By Jerome Corsi, AM THINKER 26.4.23
Working through the Securities and Exchange Commission, the Biden administration is quietly but persistently implementing global warming (aka “climate change”) regulations that will force U.S. corporations to implement costly audit and control procedures for a wide range of CO2 (carbon dioxide) emissions that result from their company’s operations.
We are witnessing a bureaucratically imposed restructuring of capitalism to comply with an ideologically driven Net Zero Emissions (NZE) policy. The restructuring aims to impose neo-Marxist “public good” restraints on private corporations through White House-issued executive orders and federal agency rulemaking, not congressional legislation. Suppose the SEC is successful in this effort. In that case, the U.S. will join the European Union (EU) in hamstringing U.S.-based corporations with profit-inhibiting accounting requirements certain to constrain profitability—all in pursuit of a demonization of CO2 that fact-based climate science fails to support. The impact on the Earth’s climate will be minimal, but the effects on the U.S. economy could be devastating.
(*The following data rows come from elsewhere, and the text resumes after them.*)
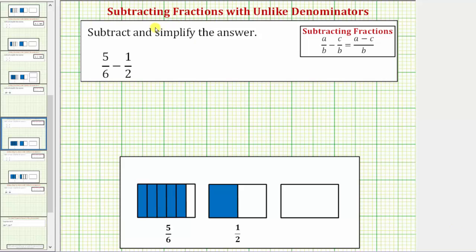Welcome to an example on how to subtract fractions with unlike denominators. The main thing to remember is that when we add or subtract fractions, we must have a common denominator. We need a common denominator so that we add or subtract parts or pieces of the same size.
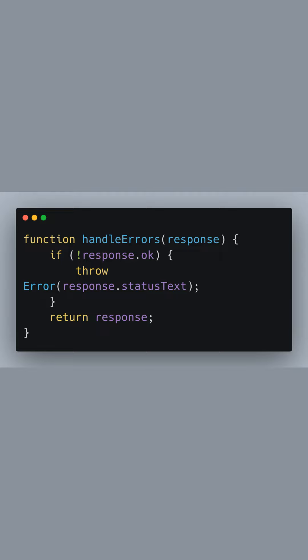Let's begin with our first function, handleErrors. It takes the response object as a parameter. Inside the function, we check if the OK property on the response is false, which means the fetch request was not successful.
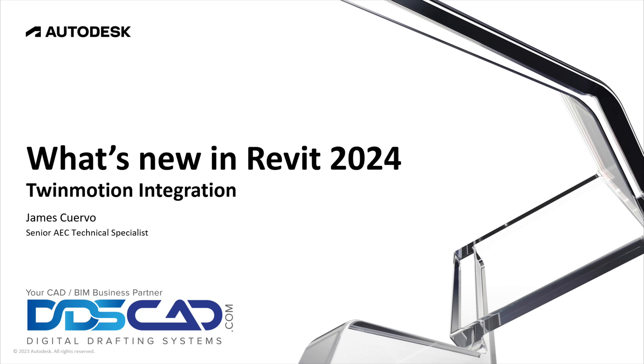Hi everyone and welcome to our blog. I am Jim Cuervo, Senior Trainer and Support here at Digital Drafting Systems. The following is an excerpt from our What is New in Revit 2024 webinar. Please do not hesitate to drop us a line should you have any questions. Enjoy our presentation.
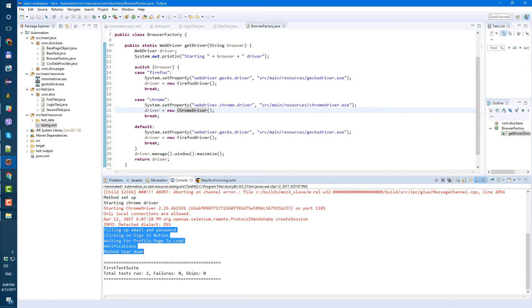Today I'm going to show you how to run our Firefox and Chrome tests in parallel.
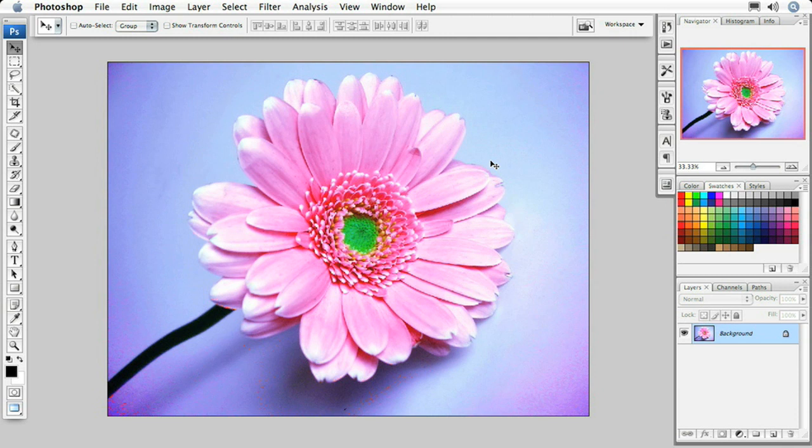Now we're going to take a look at how to create one of the most popular effects in digital photography, and that's the duotone. There's a really complicated way that you can convert to duotone. You have to change your photo to grayscale, and then go into duotone mode and do a whole bunch of other really complicated stuff.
On March 21, 2022, the U.S. Securities and Exchange Commission (SEC) proposed rule changes requiring U.S. corporations to disclose an exhausting amount of climate-related information detailing CO2 (carbon dioxide) emissions. While the SEC expects to issue the final rule this spring, a draft filed in the Federal Register last summer drew nearly a nearly unprecedented 15,000 comments. According to a survey taken by Workíva (an internet platform for financial reporting, ESG [Environmental, Social, and Governance], audit, and risk) and PwC (accounting firm PricewaterhouseCoopers) of 300 executives at U.S.-public companies with at least $500 million in annual revenue, four in ten executives reported their companies are not ready to comply with the SEC’s complicated and costly proposed climate accounting rule changes.
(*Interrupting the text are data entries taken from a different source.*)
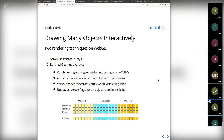Inside XeoKit, for reused geometries we use ANGLE instanced arrays — a single draw call covering all uses of that geometry. For batched geometries, something a little more radical: we're actually gluing together all the geometries that are not reused into the same vertex buffers, so we can draw them all in one draw call. These are fairly standard techniques, but when XeoKit was created it was pretty much the only one doing it, so we were able to load bigger models than pretty much all other WebGL viewers at the time.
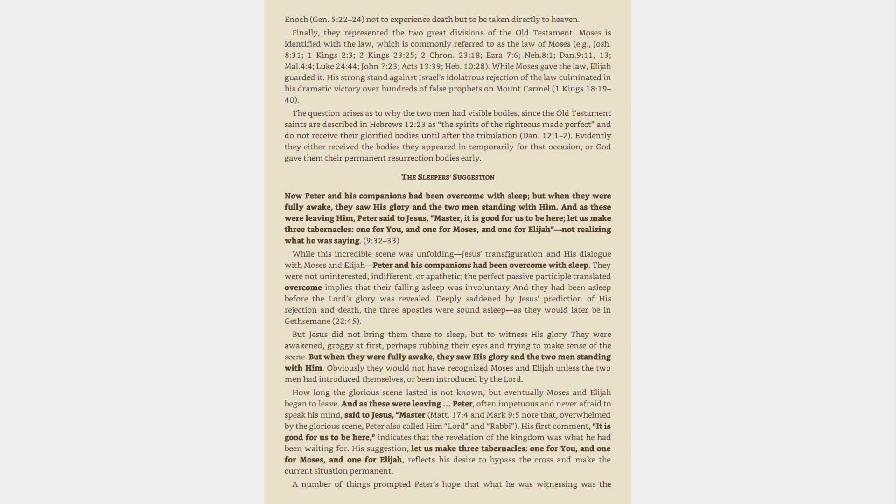While this incredible scene was unfolding, Jesus' transfiguration and his dialogue with Moses and Elijah, Peter and his companions had been overcome with sleep. They were not uninterested, indifferent, or apathetic, the perfect passive participle translated overcome implies that their falling asleep was involuntary and they had been asleep before the Lord's glory was revealed. Deeply saddened by Jesus' prediction of his rejection and death, the three apostles were sound asleep as they would later be in Gethsemane, 22:45.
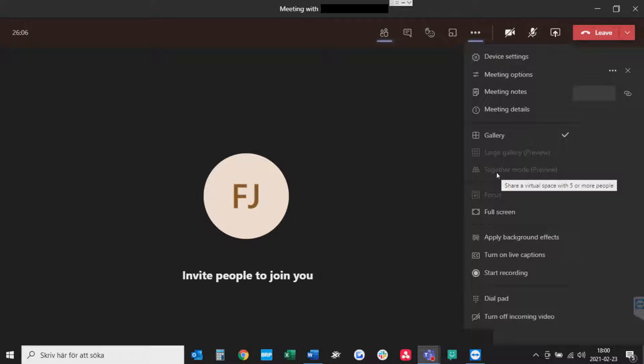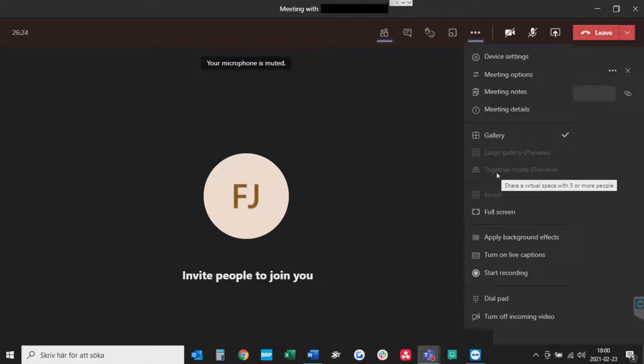If you choose the together mode you can enter a virtual space with the participants so for instance like a movie theater or something else like that, it's rather entertaining so if you haven't tried it out with your colleagues or friends, try it out once and just have a little goof.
Image: Paperwork by pressfoto.
The SEC’s proposed climate regulations trace back to a complex set of globalist arrangements that arose from the Financial Stability Forum (FSF) that the G7 finance ministers and central bank governors created in April 1999 at a meeting in Bonn, Germany, “to promote international financial stability,” as recommended by Hans Tietmeyer, then President of the Deutsche Bundesbank. At the 2009 G20 Pittsburg Climate Summit, the Financial Services Bureau (FSB) was established as the successor organization to the FSF. On January 28, the FSB established itself as a not-for-profit organization under Swiss law, with its headquarters in Basel, Switzerland. In 2015, the FSB created the Task Force on Climate-Related Financial Disclosures (TCFD) to develop consistent international rules for private corporations to report climate-related financial information “to support investors, lenders, and insurance underwriters in appropriately assessing and pricing a specific set of risks—risks related to climate change.” Chaired by former New York mayor Michael Bloomberg, the TCFD has developed a voluntary set of recommendations that the EU has incorporated into its regulatory framework demanding TCFD-compliant NZE climate-sensitive financial reporting from all EU corporations.
@chocopot
Part of their mandate is the disclosure of important market information which I am sure is how they would excuse this altogether new extension of their authority.
The crippling burden created by forcing US companies to determine and disclose the ’emissions’ associated with its operation, its indirect operations and with its entire supply line, is the height of insanity. The minutia detailed in such silly-song reporting would devastate all but the largest of companies, and would do so unilaterally such that it would shackle only US industry with this ever growing yoke of devious regulations, targeting an economy which is already cracking under the economic mismanagement of the current regime.
Yet one more step by China Joe’s efforts to make China ever greater and America ever weaker. I suspect that this new policy will be devastatingly effective towards achieving this goal.
I should think that companies so affected could make use of the AI programme used by college students to produce tons of graphs, mathematical equations, trend lines and pages of analysis — in many colours–to keep bureaucrats happy. It’s tonnage and poundage that counts, not content.
Pardon me for asking, but how does the SEC have authority to implement this policy? That is not their mission or their responsibility. Anyone?